IntZip is designed to provide encoding, decoding and containment testing nearly within a single loop through the given list and without the requirement of dynamic memory allocation, beside from allocating the result list itself. See Algorithm Description for details.

C++ Implementation

The public interface is provided by the header intzip.h. The implementation provides functions templates for encoding, decoding and containment testing.

Encoding

    template<typename T>
    void intzip::encode(const std::vector<T> &input, std::vector<T> &encoded);

Encodes a strictly increasing list of integers and stores the result in the given output vector.

Decoding

    template<typename T>
    void intzip::decode(const std::vector<T> &encoded, std::vector<T> &output);

Decodes a list that has been encoded before and stores the result in the given output vector.

Containment Testing

    template<typename T>
    bool intzip::contains(const std::vector<T> &encoded, const T test);

Determine from an encoded list whether or not a test value is contained within the original list without decoding.

Specializations

Specializations for the function templates are provided for the following types:

  • unsigned 16 bit integers of type T = uint16_t
  • unsigned 32 bit integers of type T = uint32_t
  • unsigned 64 bit integers of type T = uint64_t

The library may be compiled with or without C++11 support. When C++11 is enabled, the integer types are in the std:: namespace (i.e. from <cstdint>), otherwise the C-types from <stdint.h> are used.
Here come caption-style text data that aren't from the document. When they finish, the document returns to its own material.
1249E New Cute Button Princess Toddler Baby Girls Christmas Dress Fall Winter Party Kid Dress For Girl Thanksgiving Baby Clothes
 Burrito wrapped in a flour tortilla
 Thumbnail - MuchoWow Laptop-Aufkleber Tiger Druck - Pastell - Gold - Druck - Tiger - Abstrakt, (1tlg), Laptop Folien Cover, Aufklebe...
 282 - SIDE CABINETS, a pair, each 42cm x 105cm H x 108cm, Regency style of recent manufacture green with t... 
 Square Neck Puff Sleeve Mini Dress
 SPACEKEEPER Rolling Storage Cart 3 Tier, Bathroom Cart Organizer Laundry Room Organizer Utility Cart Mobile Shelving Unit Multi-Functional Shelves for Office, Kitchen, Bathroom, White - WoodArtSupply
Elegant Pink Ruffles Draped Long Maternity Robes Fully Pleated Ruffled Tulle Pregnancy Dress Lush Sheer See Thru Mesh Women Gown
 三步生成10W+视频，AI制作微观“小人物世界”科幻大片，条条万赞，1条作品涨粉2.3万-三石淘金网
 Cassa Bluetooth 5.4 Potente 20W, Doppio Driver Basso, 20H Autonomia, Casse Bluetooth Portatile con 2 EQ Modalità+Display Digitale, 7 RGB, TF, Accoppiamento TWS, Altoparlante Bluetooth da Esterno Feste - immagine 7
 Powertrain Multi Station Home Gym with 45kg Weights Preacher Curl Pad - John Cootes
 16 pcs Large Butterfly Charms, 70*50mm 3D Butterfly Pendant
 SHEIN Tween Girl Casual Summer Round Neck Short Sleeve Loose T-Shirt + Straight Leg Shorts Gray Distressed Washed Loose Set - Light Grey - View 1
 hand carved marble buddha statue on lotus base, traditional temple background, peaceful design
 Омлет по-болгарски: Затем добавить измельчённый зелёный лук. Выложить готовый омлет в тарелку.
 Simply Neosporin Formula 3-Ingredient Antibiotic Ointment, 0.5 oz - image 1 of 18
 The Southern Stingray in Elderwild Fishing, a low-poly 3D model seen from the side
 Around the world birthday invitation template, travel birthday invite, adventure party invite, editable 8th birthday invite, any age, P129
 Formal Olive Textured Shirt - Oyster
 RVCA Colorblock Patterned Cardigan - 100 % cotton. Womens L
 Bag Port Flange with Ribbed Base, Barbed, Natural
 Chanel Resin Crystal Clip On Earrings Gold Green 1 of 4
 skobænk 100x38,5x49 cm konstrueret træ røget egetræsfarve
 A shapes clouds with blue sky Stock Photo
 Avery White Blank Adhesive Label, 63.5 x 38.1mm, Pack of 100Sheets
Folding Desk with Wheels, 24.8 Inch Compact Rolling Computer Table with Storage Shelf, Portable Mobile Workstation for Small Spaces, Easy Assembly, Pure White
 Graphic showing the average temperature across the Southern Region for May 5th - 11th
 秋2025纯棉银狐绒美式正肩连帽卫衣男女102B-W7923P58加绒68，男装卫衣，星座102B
Dependencies and portability considerations

The C++ implementation does not depend on any other library. Please report any portability issues.

Sample Usage

The following test program demonstrates the usage of the library:

    // test.cpp
    #include <iostream> // std::cout
    #include <vector> // std::vector
    #include <cstdint> // std::uint32_t
    #include <intzip.h> // intzip::encode
    using namespace std;

    int main() {
        vector<uint32_t> v = {1, 2, 3, 4, 5, 6, 7, 8, 9}, e;
        intzip::encode(v,e);
        for (vector<uint32_t>::iterator it = e.begin(); it != e.end(); ++it)
            cout << hex << *it << endl;
        return 0;
    }

With GNU g++, you may compile and run the program as follows:


    $ g++ -Wall -std=c++11 -lintzip -o test test.cpp && ./test
    $ 8010100

That, is, the list of 32 bit integers 1 .. 9 is encoded into the single integer 0x8010100. This integer may be then passed to the intzip::decode function to get the original list back.